This might be an issue as soon as 2010, John Curran, chairman of the American Registry for Internet Numbers, said in an interview with Computer Business Review.
The IPv4 address pool is about 81% depleted, and remaining addresses are being snapped up faster and faster as more individuals and more types of devices come online.
The international explosion in internet use over the last few years has been pulling IP address space from the available reserves at an increasing pace, meaning predictions about when it will run out, which have varied wildly in the past, have started to come to a consensus.
When you look at a group of forecasts, they’re all moving closer and closer, converging, Curran said. We had a 15-year window at one point, and now that window has estimates ranging from 2009 to 2012. It’s definitely soon enough that we can call the game now.
ARIN is one of five Regional Internet Registries, each responsible for allocating address space to ISPs and large organizations in one geographical area. These RIRs take blocks of IP addresses from the Internet Assigned Numbers Authority and give them to ISPs based on need.
Curran said the forthcoming IPv4 drought is not confined to ARIN’s North American region. The other RIRs in other parts of the world also acknowledge the problem and may take similar steps to ARIN, he said.
There are 4.3 billion possible addresses under the IPv4 specification, which is 32-bit. The IPv6 spec creates a 128-bit address space, meaning the number of possible addresses is exponentially more.
IPv6 allows for 340,282,366,920,938,463,463,374,607,431,768,211,456 addresses.
We could assign a million IP addresses to every grain of sand on Earth, and still have plenty left over. Excluding the possibility of ubiquitous internet-connected nanotech robots, it’s probably more than humanity will ever need.
When we move to IPv6, the addresses are large enough that we never have to do this again, Curran said.
One minor problem, he acknowledged, is that it’s difficult for a human mind to easily commit an IPv6 address to memory. Whereas an IPv4 address is written in base-10 notation, such as 127.0.0.1, an IPv6 address uses base-16 notation, hexadecimal, so it looks like this: 2001:fecd:ba23:cd1f:dcb1:1010:9234:4088.
The move to IPv6 will not be without its challenges, but the spec is has been under development for over 10 years, is already implemented in a broad range of software and hardware, and can be run alongside IPv4 for as long as is needed.
A lot of organizations already have IPv6 trials underway, Curran said. But there’s a huge difference between being able to make one or two sessions in a lab work and being able to roll out a service.
ARIN is encouraging all organizations that think they may need to request IP addresses from ARIN in the next few years to ramp up their IPv6 rollouts, as IPv4 addresses may not be available for much longer.
The organization resolved at a meeting earlier this month to take any and all measures necessary to assure veracity of applications to ARIN for IPv4 numbering resources.
This means that anybody reading this article and thinking they should stock up on IPv4 blocks now, to beat the rush, will likely find their application scrutinized for true need more closely than before.
ARIN also resolved to consider Internet Numbering Resource Policy changes advisable to encourage migration to IPv6 numbering resources where possible.
For example, Curran said, policies could be changed so that if an organization applied for enough IPv4 space to get it through the next 12 months, it might only receive enough to last 6 months, if the shortage of IP space was critical enough.
Curran said that IP address reclamation initiatives have been somewhat successful, but that they are not enough to usefully extend IPv4’s life expectancy.
Before the creation of the web popularized the internet, IANA handed out huge chunks of IP address space to organizations that could not possibly need so many.
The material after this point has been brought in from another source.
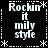 Black background with white pixelated text "Rockin it mily style" arranged in four quadrants, bordered by dotted lines and asterisks.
Companies including HP, Apple, Ford and General Electric, for example, were each assigned blocks of 16 million addresses in the early 1990s.
Organizations have been given the opportunity to turn in larger blocks that they simply don’t need and will never need and receive smaller blocks in exchange, Curran said. Some organizations have allowed the number authorities to reclaim address space in this way, he said.
Whether additional reclamation happens or not, it may only make a difference of months before IPv4’s pool expires, he added.
The imminent transition to IPv6 is inevitable, and it appears that the next few years will be the critical turning point for most of the internet. Every internet user will be affected to a greater or lesser extent.
For application developers, the transition to IPv6 should not be too difficult. Most software uses DNS to find online services, rather than hard-coded IP addresses, which eases the transition.
For smaller businesses, the sizes of organization Curran calls leaves on the branches of the internet, Network Address Translation could be enough to keep handing out LAN addresses for some time, although the move to IPv6 would eventually become a necessity.
The reality is that everybody should be looking at this issue, Curran said. We’re not in a crisis situation right now, but we are calling for deliberate action so we don’t get into that crisis situation.